[whatwg] Microdata feedback

2010-01-18 Thread Ian Hickson
On Thu, 12 Nov 2009, Philip Jägenstedt wrote:

 I've been playing with the microdata DOM APIs again, continuing the 
 JavaScript experimental implementation 
 http://gitorious.org/microdatajs. It's not small or elegant, but at 
 least some spec issues have come up in the process.
 
 What is the http://www.w3.org/1999/xhtml/microdata# URI?

It provides a way to map microdata property names to URLs in an 
unambiguous way.



 http://www.whatwg.org/specs/web-apps/current-work/multipage/microdata.html#associating-names-with-items
 
 Otherwise, if one of the other elements in pending is an ancestor 
 element of candidate, and that element is scope, then remove candidate 
 from pending.
 
 Otherwise, if one of the other elements in pending is an ancestor 
 element of candidate, and that element also has scope as its nearest 
 ancestor element with an itemscope attribute specified, then remove 
 candidate from pending.
 
 The intention of these requirements seems to be to eliminate redundant 
 elements in pending, but a comment on the intention of each in the spec 
 would be helpful as it's quite cryptic right now.

Added some brief explanations.



 http://www.whatwg.org/specs/web-apps/current-work/multipage/microdata.html#microdata-dom-api
 
 itemtype and itemid are both URL attributes and therefore when getting
 itemType and itemId relative URLs should be resolved (even if only absolute
 URLs are valid). Correct?

That was a correct interpretation of the spec, but was only intended to 
be the case for itemid. I've corrected the spec to say that itemType is 
just a regular DOMString with no resolution.

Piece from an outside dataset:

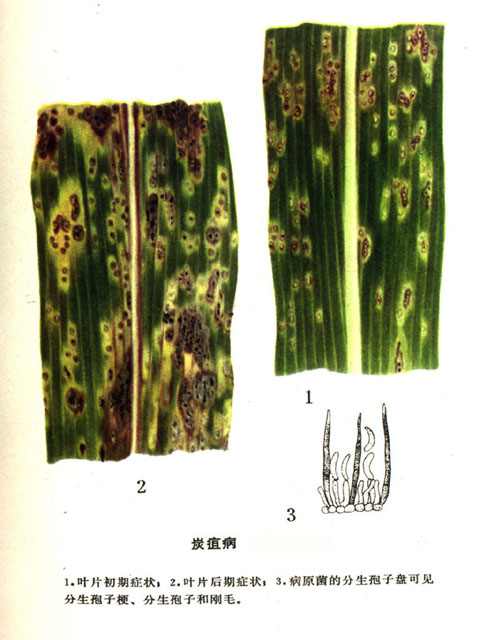 禾草炭疽病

 itemprop and itemref are both unordered set of unique space-separated
 tokens, but in HTMLElement only itemProp is a DOMSettableTokenList while
 itemRef is a DOMString. This doesn't really make sense, so make itemRef a
 DOMSettableTokenList too?

Fixed. That was an oversight.


 From reading the spec it's not obvious (without following cross- 
 references) that itemProp isn't just a plain string. An example using 
 .itemProp.contains(name) or similar would make this more difficult to 
 miss.

Done.



 http://www.whatwg.org/specs/vocabs/current-work/#vcard
 
 Having clickable cross-references in this spec would help a lot when
 reviewing!

I've put them back in the HTML5 spec, which makes this a moot point.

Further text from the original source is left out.